Die Tage werden schon kürzer, in den Supermärkten stapeln sich bereits die Weihnachtslebkuchen und erinnern: Ziemlich bald ist wieder Winter. Doch Luis Ake ficht das nicht an. Gleich im ersten Song seines neuen, inzwischen zweiten Albums, das er schlicht mit „Liebe“ betitelt hat, geht es um eine sommerfrische Fahrt an den Müggelsee und das unbeschwerte Plantschen im Wasser. Und in der Nummer „Sommer“ verkündet er die frohe Botschaft: „Dieser Sommer hört nie auf“. Auch mit Blick auf die drohende vierte Coronawelle, die für die anstehenden kälteren Monate angekündigt wird, kann man dazu nur sagen: Hoffentlich hat der Mann recht.

Da nach Luis Ake dieser Sommer also immer weitergeht, entfällt der Vorwurf, dass er mit der Veröffentlichung seines Albums mitten im September vielleicht etwas spät dran sein könnte mit seinen Sonnentag- und Wolken-ziehen-vorüber-Beschwörungen.

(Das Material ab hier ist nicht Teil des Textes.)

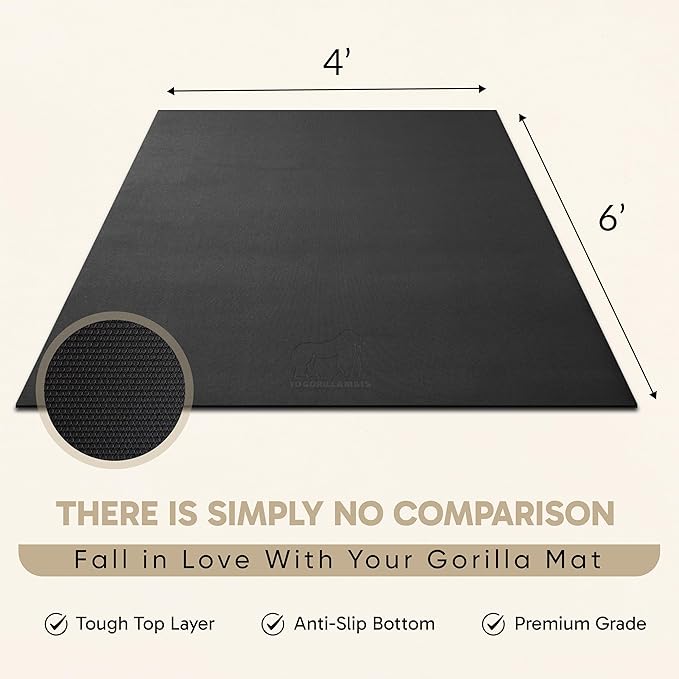 Gorilla Mats Large Exercise Mat – 6'x4', 7'x4', 7'x5', 8'x4', 10'x4' (1/4" Thick) – Ultra Durable Workout Mat for Home Gym Flooring – Non-Slip, Flat Fitness, Yoga & Weight Lifting Floor Mat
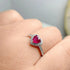Hallmarked Silver Sweet Heart Pink Ring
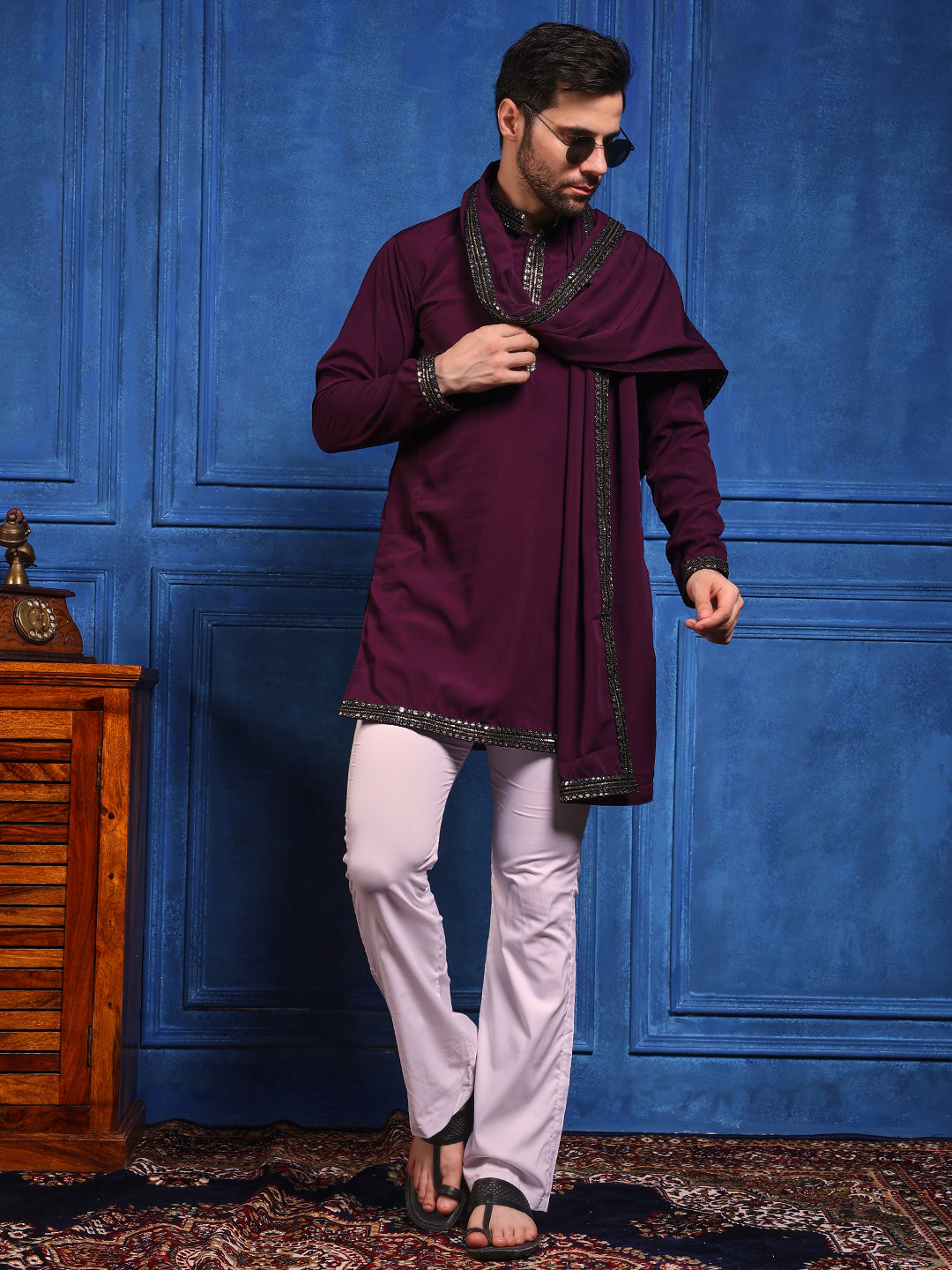 Rich Wine Short Kurta Plus Dupatta Set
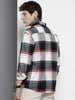 Men's Navy Blue Regular Fit Checked Casual Shirt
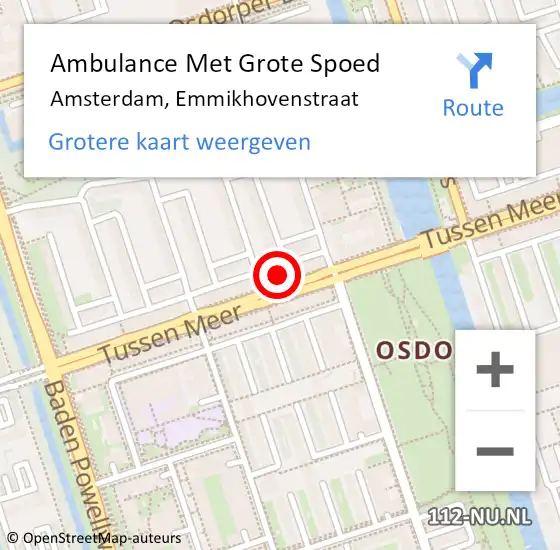 Locatie op kaart van de 112 melding: Ambulance Met Grote Spoed Naar Amsterdam, Emmikhovenstraat op 26 mei 2025 12:19
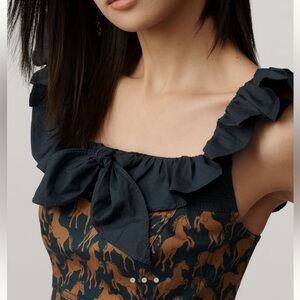 🐎Anthropologie Flutter-Sleeve Crop Blouse Maeve Horse Motif Novelty Top NEW SM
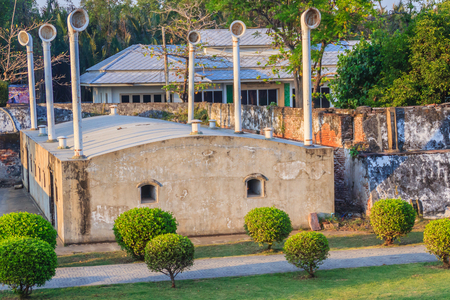 Samut Prakan, Thailand - March 25, 2017: Phi Sua Samut Fortress or Pom Phi Sua Samut is a fortress island and built in 1819 on the Chao Phraya river and now being turned into a tourist attraction.のeditorial素材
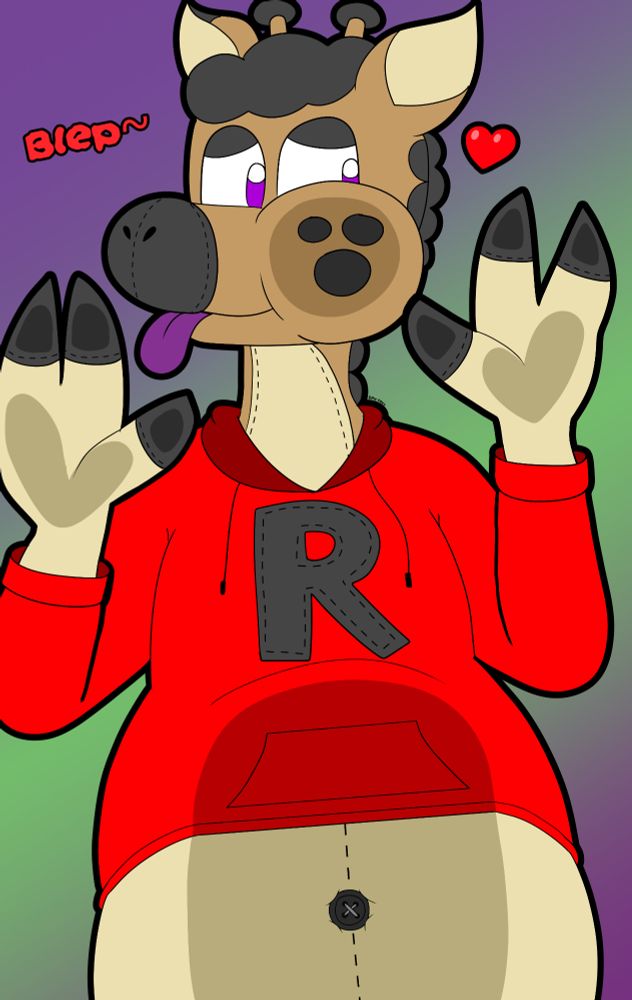 Rob the Plushie Giraffe squished behind glass~
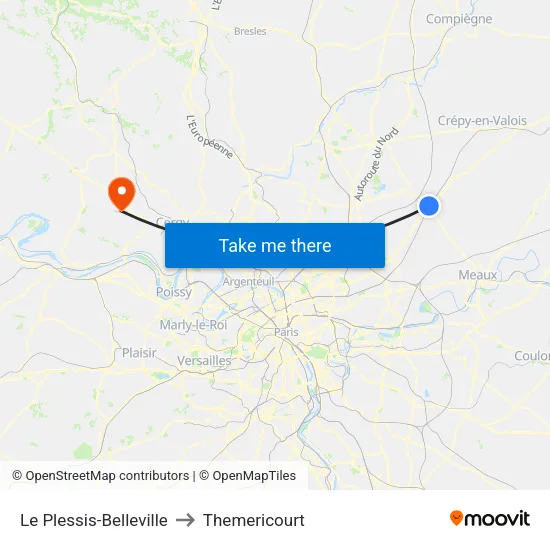 Le Plessis-Belleville to Themericourt map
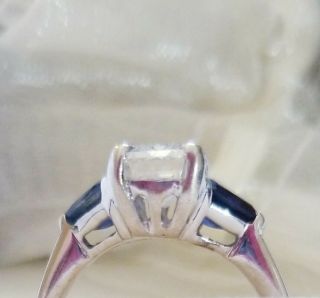Solitaire 2.  51Ct EMERALD Cut GIA CERT.  Diamond Ring White Gold w/Rare Sapphires 7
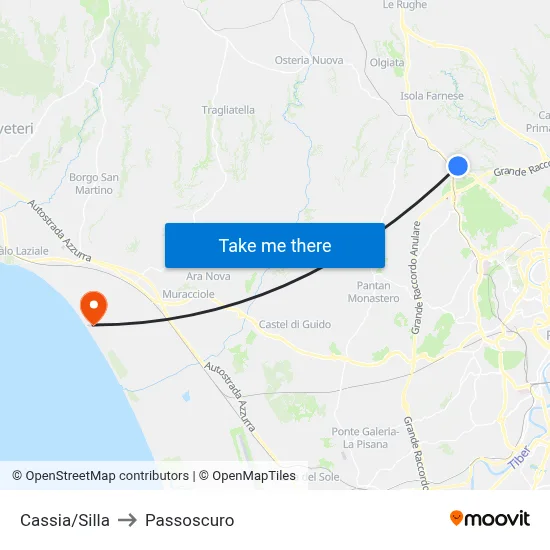 Cassia/Silla to Passoscuro map
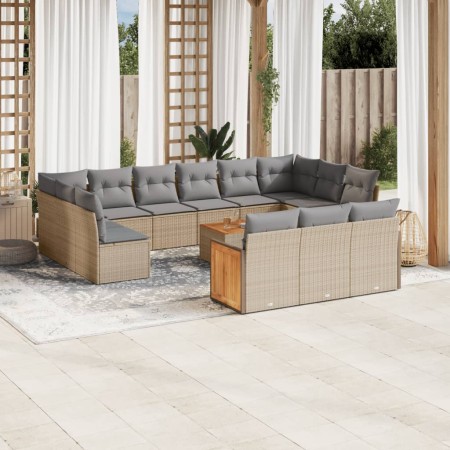 Set sofás de jardín 14 pzas con cojines ratán sintético beige de , Conjuntos de jardín - Ref: Foro24-3260547, Precio: 857,59 ...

Falls man doch bald das Gefühl haben sollte, die schönste Zeit des Jahres ist eigentlich bloß noch eine Erinnerung, legt man eben diese Platte auf.

Wer oder was ist Luis Ake?

Es ist schon ein ziemlich kühnes „Gute Laune trifft große romantische Gefühle“-Potpourrie, das Luis Ake hier zusammenrührt. Schlager, Achtziger-Synthie-Pop und Euro-Trance werden aufgefahren, der Mann ist einfach ziemlich hemmungslos, was das Ausloten von Geschmacksgrenzen angeht. Mal macht er einen auf Scooter, dann eher auf Andreas Dorau oder den frühen Peter Licht.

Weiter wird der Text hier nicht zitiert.